“Mr. Brierly apologized to Father, and Mrs. Brierly and Mother kissed the next time they met, and Tom and Annie began waiting for Charlie and me again, so that everything was all right once more.

“Get the apples, Bobby, please, and tomorrow night, if you say your prayers and go right to sleep tonight, I’ll tell you about—well, it’s an awfully good story I have for tomorrow night.”

BRAIN AGAINST BRAWN

Bobby was feeling his muscle and telling his sisters how strong he wanted to be, and Grandma, hearing him, said, “Of course it’s nice to be strong, Bobby, but strength won’t get anyone very far unless it is combined with brains. I knew a delicate looking boy once who got ahead of half a dozen big strong fellows, not because he was strong, but because he had brains and used them.

“It was long, long ago—the winter my brother Truman taught our home school. Mother didn’t want Truman to take the school, for, though he was eighteen years old, he was a slender, little fellow and his blue eyes and light hair made him look even younger than he really was. But Father said for him to go ahead and see what he could do.

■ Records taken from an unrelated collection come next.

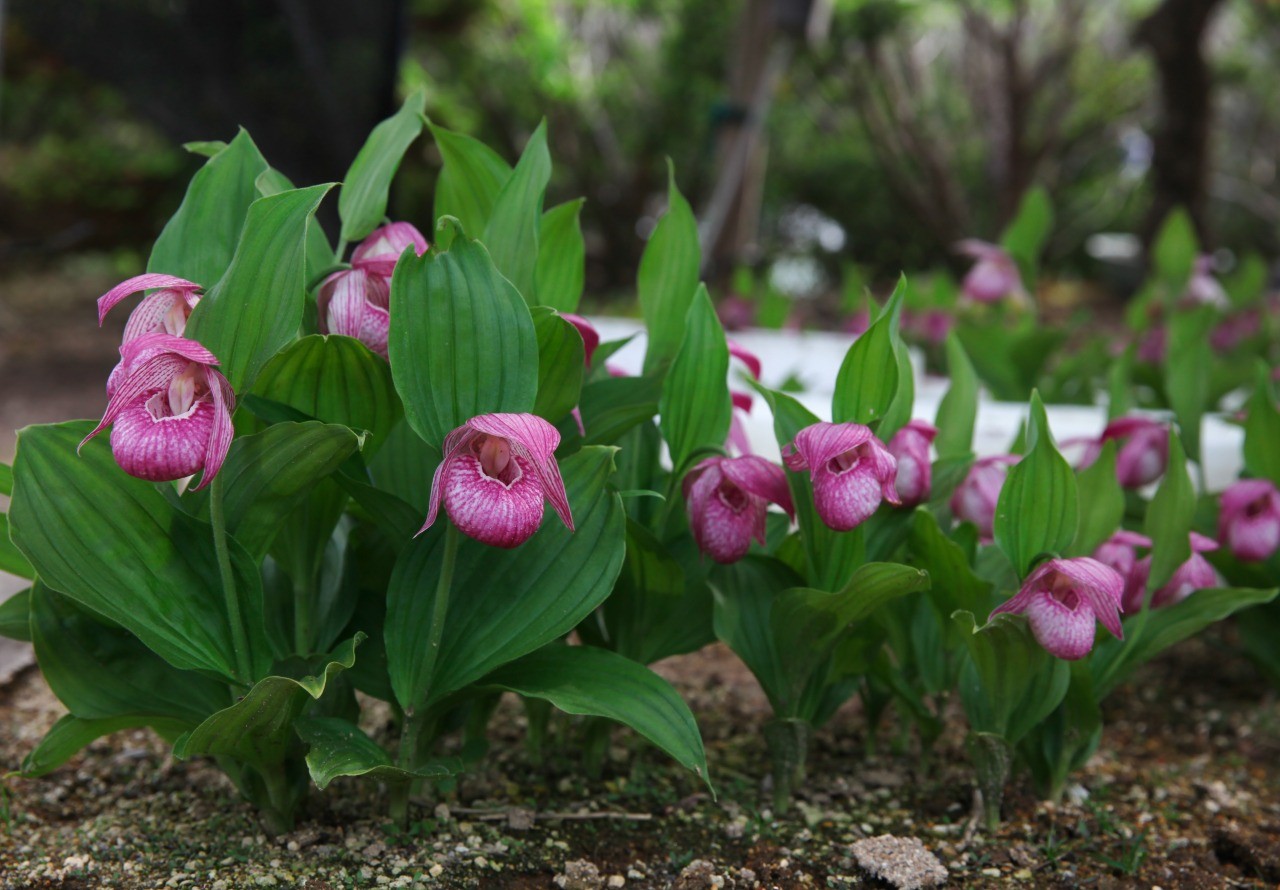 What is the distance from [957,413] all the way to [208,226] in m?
0.94

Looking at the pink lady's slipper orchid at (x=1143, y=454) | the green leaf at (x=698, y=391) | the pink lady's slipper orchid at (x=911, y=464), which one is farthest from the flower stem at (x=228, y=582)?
the pink lady's slipper orchid at (x=1143, y=454)

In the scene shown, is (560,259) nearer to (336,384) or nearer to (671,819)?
(336,384)

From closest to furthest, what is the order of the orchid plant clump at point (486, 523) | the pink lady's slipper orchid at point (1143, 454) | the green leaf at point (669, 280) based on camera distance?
the orchid plant clump at point (486, 523), the green leaf at point (669, 280), the pink lady's slipper orchid at point (1143, 454)

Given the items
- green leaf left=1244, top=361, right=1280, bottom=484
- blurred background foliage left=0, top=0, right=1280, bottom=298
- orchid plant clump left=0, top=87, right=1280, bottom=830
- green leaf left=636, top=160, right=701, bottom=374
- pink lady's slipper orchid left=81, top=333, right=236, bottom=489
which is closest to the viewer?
pink lady's slipper orchid left=81, top=333, right=236, bottom=489

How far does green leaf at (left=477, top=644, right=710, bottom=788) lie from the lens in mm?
1157

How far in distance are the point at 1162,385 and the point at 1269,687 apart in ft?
2.15

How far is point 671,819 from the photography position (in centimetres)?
142

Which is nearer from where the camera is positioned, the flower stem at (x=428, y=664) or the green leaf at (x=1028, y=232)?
the flower stem at (x=428, y=664)

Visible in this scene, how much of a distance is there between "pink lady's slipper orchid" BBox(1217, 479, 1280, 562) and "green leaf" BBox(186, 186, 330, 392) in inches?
52.5

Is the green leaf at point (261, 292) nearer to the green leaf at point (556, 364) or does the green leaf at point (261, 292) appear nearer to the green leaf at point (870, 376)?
the green leaf at point (556, 364)

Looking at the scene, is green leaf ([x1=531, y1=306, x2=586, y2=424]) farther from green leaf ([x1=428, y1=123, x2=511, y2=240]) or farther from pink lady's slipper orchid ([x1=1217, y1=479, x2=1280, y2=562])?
pink lady's slipper orchid ([x1=1217, y1=479, x2=1280, y2=562])

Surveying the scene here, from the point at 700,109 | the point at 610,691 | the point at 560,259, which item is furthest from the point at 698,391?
the point at 700,109

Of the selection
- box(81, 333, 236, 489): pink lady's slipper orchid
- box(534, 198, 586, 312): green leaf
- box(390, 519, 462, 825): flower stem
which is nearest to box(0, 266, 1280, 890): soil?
box(390, 519, 462, 825): flower stem

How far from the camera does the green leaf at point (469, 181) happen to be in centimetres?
132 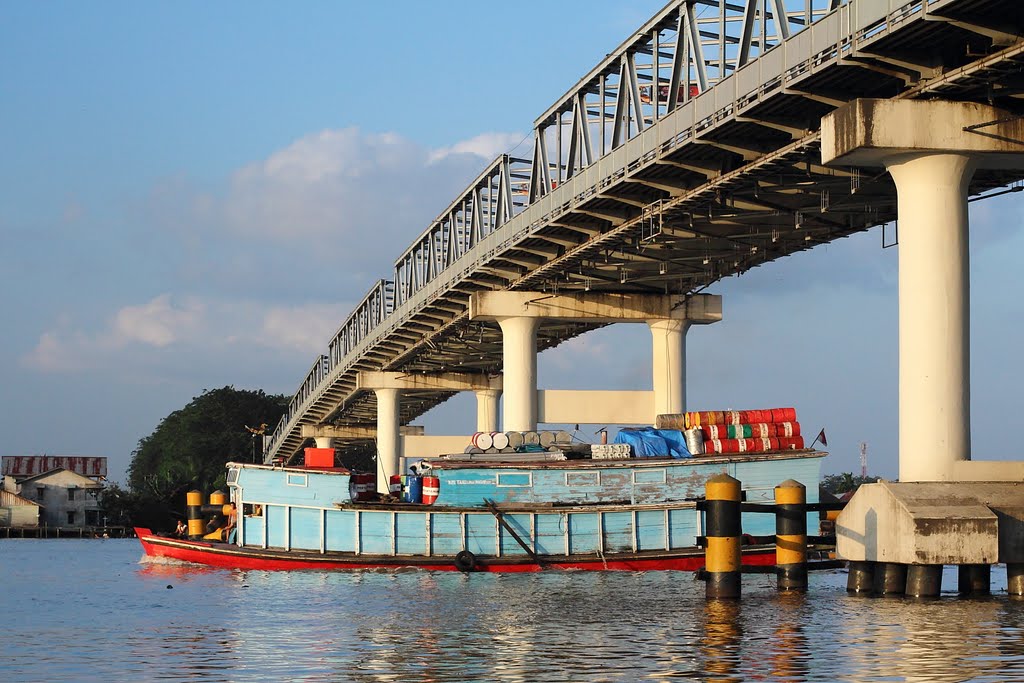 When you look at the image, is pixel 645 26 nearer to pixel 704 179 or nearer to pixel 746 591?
pixel 704 179

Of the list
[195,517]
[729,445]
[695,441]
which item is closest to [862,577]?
[729,445]

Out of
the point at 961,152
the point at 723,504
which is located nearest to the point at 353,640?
the point at 723,504

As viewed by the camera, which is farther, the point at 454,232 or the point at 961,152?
the point at 454,232

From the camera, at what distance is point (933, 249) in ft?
110

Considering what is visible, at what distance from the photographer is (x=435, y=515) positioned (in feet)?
165

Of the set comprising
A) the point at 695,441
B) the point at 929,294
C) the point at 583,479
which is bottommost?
the point at 583,479

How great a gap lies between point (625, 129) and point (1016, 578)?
872 inches

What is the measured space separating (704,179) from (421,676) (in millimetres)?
27945

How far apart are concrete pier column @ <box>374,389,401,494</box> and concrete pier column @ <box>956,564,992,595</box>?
7056 cm

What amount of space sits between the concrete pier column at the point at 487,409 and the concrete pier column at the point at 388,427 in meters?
5.52

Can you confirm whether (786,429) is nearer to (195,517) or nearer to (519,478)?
(519,478)

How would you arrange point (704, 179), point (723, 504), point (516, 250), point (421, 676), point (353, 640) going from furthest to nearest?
point (516, 250)
point (704, 179)
point (723, 504)
point (353, 640)
point (421, 676)

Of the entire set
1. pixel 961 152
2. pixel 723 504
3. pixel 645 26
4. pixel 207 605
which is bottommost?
pixel 207 605

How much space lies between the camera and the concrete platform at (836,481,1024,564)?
102 feet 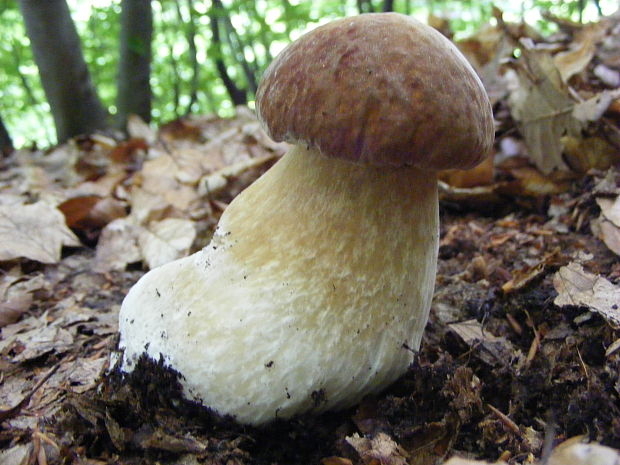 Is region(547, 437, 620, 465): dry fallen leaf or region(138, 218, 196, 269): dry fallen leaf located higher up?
region(547, 437, 620, 465): dry fallen leaf

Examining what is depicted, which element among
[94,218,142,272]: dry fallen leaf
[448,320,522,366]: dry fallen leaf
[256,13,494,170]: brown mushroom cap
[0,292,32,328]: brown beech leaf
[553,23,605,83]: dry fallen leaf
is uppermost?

“There were several bad boys in school. The year before they had run the teacher out before the term was half over, and we had no more school that winter. When they heard that Truman was going to teach, they made all sorts of boasts about what they meant to do.

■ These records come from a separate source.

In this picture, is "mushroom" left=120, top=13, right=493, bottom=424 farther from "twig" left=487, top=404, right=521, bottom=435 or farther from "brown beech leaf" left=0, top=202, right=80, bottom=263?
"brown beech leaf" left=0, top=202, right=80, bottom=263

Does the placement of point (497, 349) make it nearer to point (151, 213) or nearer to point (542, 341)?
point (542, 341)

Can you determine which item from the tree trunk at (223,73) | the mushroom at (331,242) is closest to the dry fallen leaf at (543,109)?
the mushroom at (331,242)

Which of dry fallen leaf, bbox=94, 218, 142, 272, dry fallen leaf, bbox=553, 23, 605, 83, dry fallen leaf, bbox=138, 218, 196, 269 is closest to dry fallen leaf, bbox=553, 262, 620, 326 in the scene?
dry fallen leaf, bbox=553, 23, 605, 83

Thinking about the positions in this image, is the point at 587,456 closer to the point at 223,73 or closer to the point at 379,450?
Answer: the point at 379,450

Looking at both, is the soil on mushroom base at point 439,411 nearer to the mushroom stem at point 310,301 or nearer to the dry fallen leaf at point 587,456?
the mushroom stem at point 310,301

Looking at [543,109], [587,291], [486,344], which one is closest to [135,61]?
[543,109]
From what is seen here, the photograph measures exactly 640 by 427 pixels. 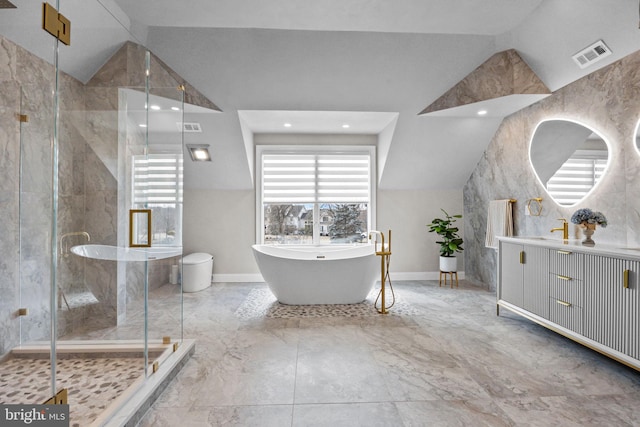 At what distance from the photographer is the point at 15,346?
1.73 meters

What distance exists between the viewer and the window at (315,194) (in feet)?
16.4

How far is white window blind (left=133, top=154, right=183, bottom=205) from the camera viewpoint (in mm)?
2164

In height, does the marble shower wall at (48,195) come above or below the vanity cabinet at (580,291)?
above

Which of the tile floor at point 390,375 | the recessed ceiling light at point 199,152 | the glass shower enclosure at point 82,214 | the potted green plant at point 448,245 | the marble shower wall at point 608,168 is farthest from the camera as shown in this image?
the potted green plant at point 448,245

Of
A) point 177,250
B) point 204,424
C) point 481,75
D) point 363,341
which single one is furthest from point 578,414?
point 481,75

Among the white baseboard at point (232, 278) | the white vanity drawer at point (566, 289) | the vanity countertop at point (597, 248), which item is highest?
the vanity countertop at point (597, 248)

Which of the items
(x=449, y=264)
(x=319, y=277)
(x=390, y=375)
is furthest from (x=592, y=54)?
(x=319, y=277)

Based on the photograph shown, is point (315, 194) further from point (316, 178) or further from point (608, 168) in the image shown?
point (608, 168)

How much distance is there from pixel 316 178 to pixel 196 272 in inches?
87.9

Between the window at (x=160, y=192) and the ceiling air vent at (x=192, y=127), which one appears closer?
the window at (x=160, y=192)

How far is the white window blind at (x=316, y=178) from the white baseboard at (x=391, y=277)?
1213 mm

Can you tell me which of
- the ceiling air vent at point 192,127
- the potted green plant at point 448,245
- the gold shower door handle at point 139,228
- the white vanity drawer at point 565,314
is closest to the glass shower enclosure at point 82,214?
the gold shower door handle at point 139,228

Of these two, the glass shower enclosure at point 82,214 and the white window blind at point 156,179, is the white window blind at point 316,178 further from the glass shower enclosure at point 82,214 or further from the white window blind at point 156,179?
the glass shower enclosure at point 82,214

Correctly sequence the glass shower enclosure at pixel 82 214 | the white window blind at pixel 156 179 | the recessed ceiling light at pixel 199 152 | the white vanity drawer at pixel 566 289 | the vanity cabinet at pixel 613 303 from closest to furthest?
the glass shower enclosure at pixel 82 214, the vanity cabinet at pixel 613 303, the white window blind at pixel 156 179, the white vanity drawer at pixel 566 289, the recessed ceiling light at pixel 199 152
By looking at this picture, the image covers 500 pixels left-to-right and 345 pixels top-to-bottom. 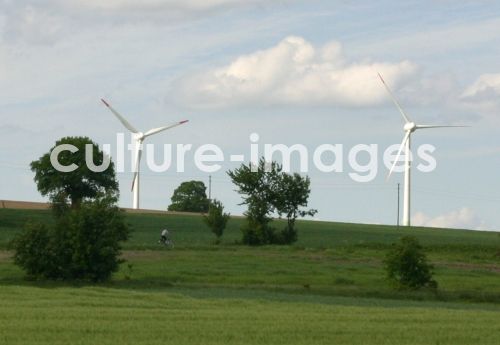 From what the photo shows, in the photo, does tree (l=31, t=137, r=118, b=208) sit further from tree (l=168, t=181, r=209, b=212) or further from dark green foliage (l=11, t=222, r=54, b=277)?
dark green foliage (l=11, t=222, r=54, b=277)

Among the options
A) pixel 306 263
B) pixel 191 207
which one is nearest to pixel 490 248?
pixel 306 263

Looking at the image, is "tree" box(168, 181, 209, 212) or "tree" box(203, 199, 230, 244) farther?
"tree" box(168, 181, 209, 212)

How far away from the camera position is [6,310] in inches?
1335

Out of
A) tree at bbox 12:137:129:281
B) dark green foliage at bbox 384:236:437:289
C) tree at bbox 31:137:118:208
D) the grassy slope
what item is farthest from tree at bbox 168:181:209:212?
the grassy slope

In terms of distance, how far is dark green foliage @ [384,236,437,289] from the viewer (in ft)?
166

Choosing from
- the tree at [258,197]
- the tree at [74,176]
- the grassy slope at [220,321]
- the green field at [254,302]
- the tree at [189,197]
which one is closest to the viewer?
the grassy slope at [220,321]

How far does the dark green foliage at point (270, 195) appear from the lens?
283ft

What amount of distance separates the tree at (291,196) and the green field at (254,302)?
10015mm

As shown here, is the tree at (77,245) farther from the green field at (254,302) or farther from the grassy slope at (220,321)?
the grassy slope at (220,321)

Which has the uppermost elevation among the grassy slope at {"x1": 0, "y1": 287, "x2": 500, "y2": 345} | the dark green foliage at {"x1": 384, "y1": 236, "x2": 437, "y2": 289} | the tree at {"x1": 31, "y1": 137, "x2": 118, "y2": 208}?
the tree at {"x1": 31, "y1": 137, "x2": 118, "y2": 208}

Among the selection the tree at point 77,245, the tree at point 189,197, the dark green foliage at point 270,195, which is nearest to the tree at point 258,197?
the dark green foliage at point 270,195

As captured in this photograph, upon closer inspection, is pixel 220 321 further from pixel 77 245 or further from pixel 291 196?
pixel 291 196

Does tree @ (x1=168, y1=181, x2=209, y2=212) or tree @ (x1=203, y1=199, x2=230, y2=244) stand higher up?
tree @ (x1=168, y1=181, x2=209, y2=212)

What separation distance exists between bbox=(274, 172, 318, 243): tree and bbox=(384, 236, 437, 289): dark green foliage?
36.2m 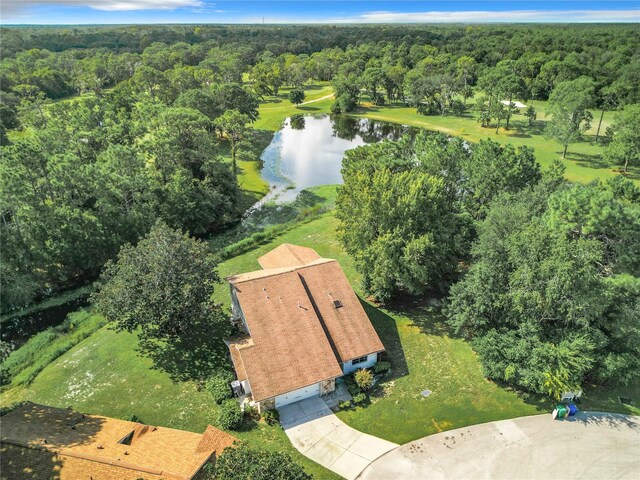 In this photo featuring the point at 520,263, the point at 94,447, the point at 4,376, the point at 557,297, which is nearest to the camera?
the point at 94,447

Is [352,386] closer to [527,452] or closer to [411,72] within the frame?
[527,452]

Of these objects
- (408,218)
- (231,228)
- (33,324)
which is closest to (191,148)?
(231,228)

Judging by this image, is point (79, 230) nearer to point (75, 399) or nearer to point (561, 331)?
point (75, 399)

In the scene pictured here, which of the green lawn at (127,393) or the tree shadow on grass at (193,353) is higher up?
the tree shadow on grass at (193,353)

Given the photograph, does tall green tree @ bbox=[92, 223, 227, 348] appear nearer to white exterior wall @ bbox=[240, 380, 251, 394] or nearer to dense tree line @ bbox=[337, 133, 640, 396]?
white exterior wall @ bbox=[240, 380, 251, 394]

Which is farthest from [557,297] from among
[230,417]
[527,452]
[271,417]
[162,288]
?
[162,288]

“Truman got along all right the first few weeks until the older boys, who had been working at a sawmill, started in. Nearly all of these boys were bigger than Truman, and Bud McGill, the leader, was a year older. He had broken up several schools and bragged that he would run Truman out in short order.

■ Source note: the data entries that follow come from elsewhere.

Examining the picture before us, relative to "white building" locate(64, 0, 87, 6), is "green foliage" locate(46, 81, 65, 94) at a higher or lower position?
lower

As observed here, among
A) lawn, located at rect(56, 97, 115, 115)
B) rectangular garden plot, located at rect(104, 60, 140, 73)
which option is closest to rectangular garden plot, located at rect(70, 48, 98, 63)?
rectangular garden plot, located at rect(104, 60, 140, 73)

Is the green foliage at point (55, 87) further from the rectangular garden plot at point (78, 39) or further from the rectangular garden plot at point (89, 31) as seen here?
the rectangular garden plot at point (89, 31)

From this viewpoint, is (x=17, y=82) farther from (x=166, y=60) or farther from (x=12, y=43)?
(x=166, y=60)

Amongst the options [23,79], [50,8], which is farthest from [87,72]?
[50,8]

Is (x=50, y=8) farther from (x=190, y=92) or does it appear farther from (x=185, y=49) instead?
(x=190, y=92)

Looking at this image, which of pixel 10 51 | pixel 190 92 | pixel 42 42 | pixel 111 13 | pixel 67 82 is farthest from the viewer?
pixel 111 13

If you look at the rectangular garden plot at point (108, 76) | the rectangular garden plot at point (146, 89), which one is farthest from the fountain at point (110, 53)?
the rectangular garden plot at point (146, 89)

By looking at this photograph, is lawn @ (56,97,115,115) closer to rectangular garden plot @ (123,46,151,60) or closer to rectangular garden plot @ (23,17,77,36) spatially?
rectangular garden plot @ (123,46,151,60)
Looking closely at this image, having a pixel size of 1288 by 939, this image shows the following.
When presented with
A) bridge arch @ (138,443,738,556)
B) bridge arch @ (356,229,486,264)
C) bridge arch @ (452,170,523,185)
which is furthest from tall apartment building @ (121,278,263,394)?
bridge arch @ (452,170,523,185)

“From the day he started he did everything he could to make trouble. Because he had started to school late in the term he did not get the seat he wanted. One morning he came early and took this seat and refused to give it up when Truman asked him to. Truman couldn’t force him to give it up, because Bud was so much larger and stronger. All day long Bud sat there in the corner seat talking and laughing and throwing paper wads at girls—disturbing all the rest of us so we could not study. At dismissing time Truman told him to take his books with him and not come back to school until he could behave himself, but Bud walked out as bold as you please without a single book.